REQUIRED WORK -> Word for word, transcribe every line from the one holding "Triton 50 In." through the end of the records, but not the pictures.

[[ RECORDS SHOWN open ]]

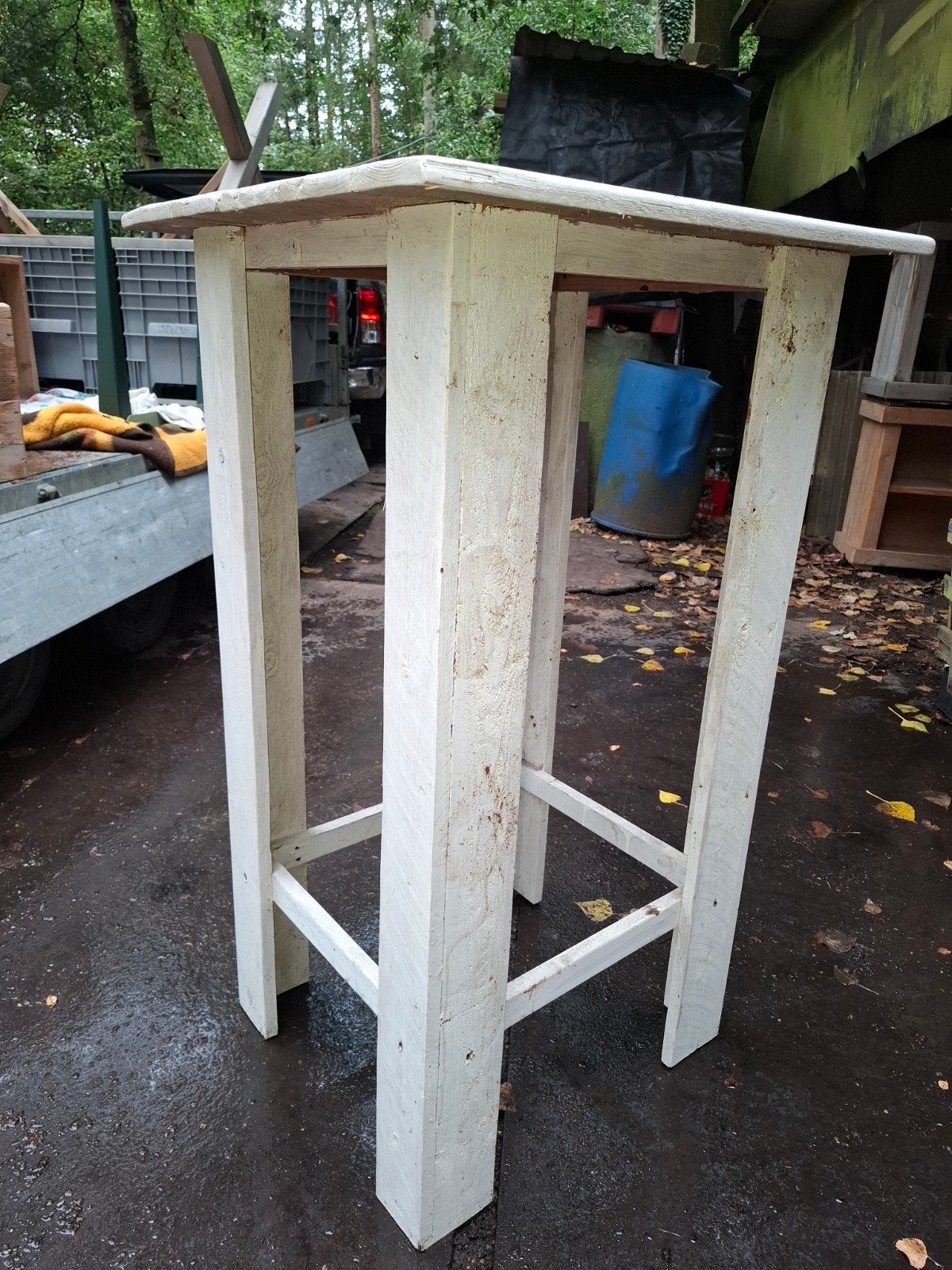 sta tafel in steigerhout, Huis en Inrichting, Ophalen, Nieuw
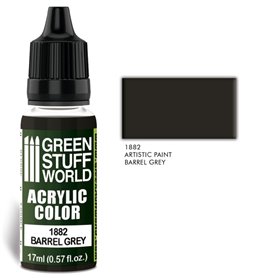 Green Stuff World Farba akrylowa ACRYLIC COLOR - BARREL GREY - 17ml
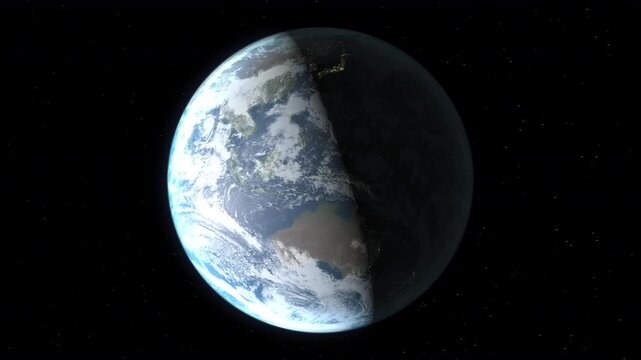 Location and map of Solomon Islands on the surface of the earth at night.
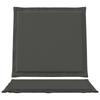 Seat and Back Cushions 4 pcs Anthracite 47 x 45 x 2 cm Polyester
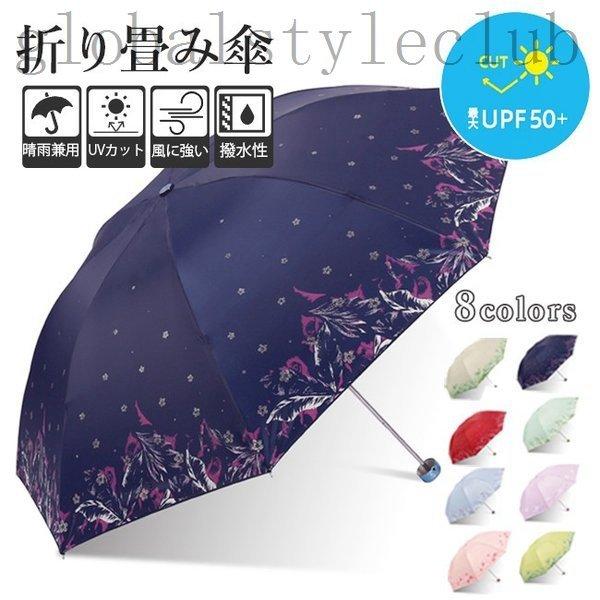 折りたたみ傘レディース晴雨兼用日傘ボタニカル柄花柄パステルカラーカラフルおしゃれuvカット遮光遮熱軽量撥水丈夫耐風手動 Rox Rox Store 通販 Yahoo ショッピング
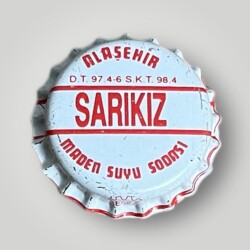 SARIKIZ Alaşehir Maden Suyu Sodası Basılmamış Gazoz Kapağı CMK1-1199 - 3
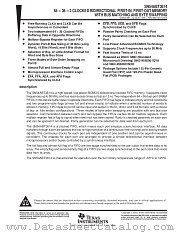 SN54ABT3614HFP datasheet pdf Texas Instruments
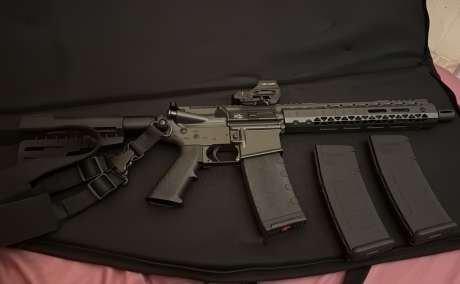 Pistol Black Rain, Armas de fuego en PR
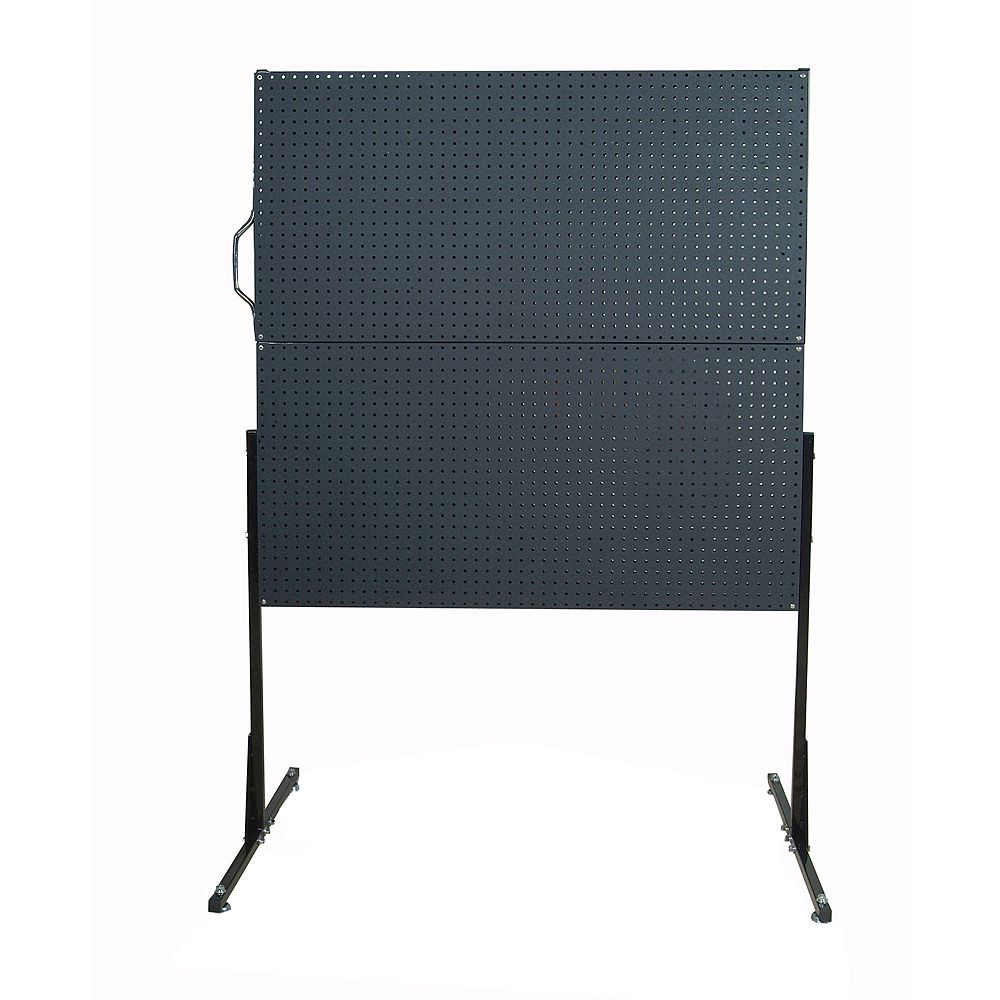 Triton 50 In. W FreeStanding Pegboard Unit with 4 Black Polyethylene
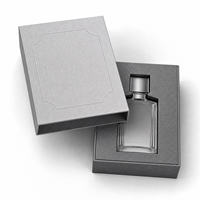 Boîte télescopique pour parfum avec plateau intérieur et texture lin pour emballage de parfum – Offre de conception
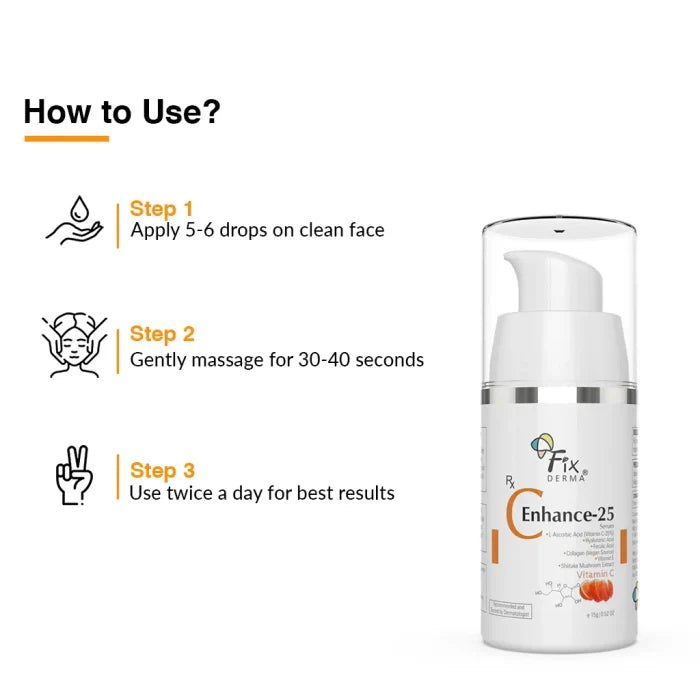 Fixderma C Enhance-25 Serum, 15gm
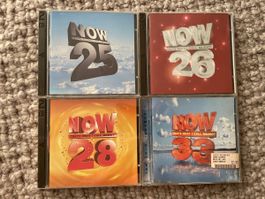 4x Now - That‘s What I Call Music (25/26/28/33)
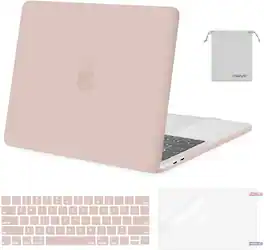 mosiso - MacBook Pro 13" hard shell case with keyboard skins, screen protector and storage bag - Camel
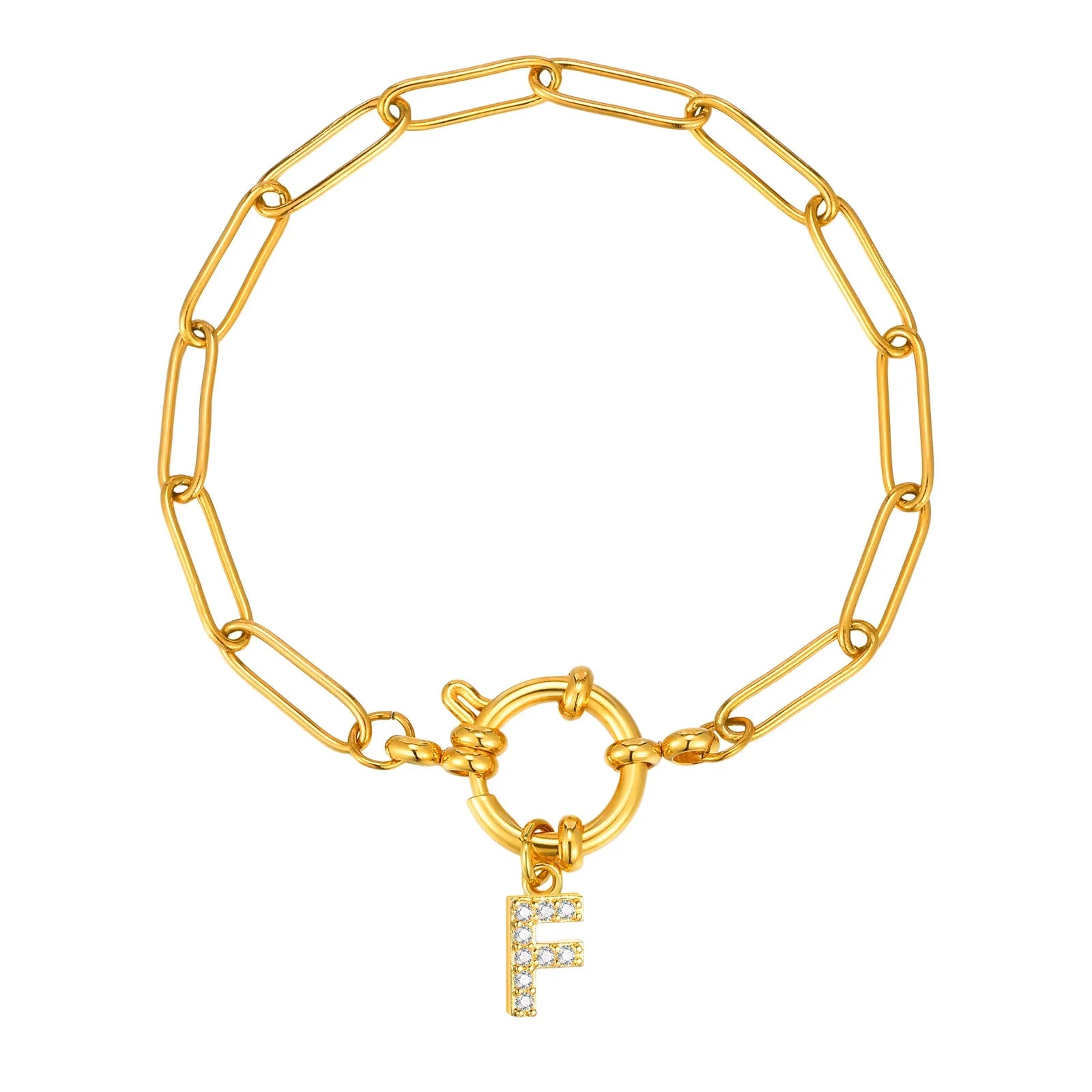 Pulsera personalizada con la inicial f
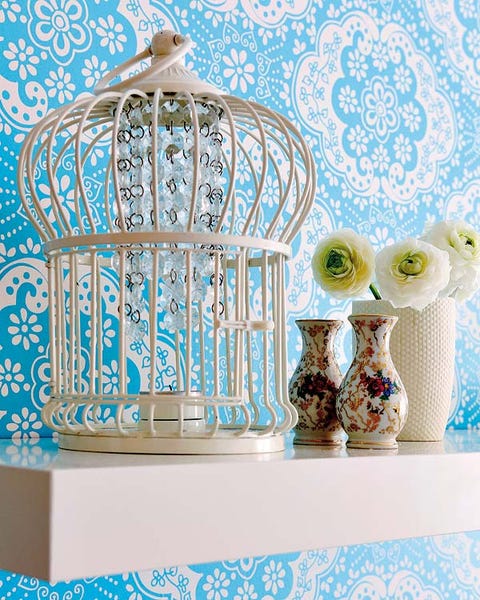 Serveware, Cage, Teal, Aqua, Turquoise, Porcelain, Dishware, Pet supply, Vase, Creative arts,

[[ RECORDS SHOWN closed ]]

EXERCISE OUTPUT ->
 Triton 50 In. W FreeStanding Pegboard Unit with 4 Black Polyethylene
 Boîte télescopique pour parfum avec plateau intérieur et texture lin pour emballage de parfum – Offre de conception
 Fixderma C Enhance-25 Serum, 15gm
 4x Now - That‘s What I Call Music (25/26/28/33)
 mosiso - MacBook Pro 13" hard shell case with keyboard skins, screen protector and storage bag - Camel
 Pulsera personalizada con la inicial f
 Serveware, Cage, Teal, Aqua, Turquoise, Porcelain, Dishware, Pet supply, Vase, Creative arts,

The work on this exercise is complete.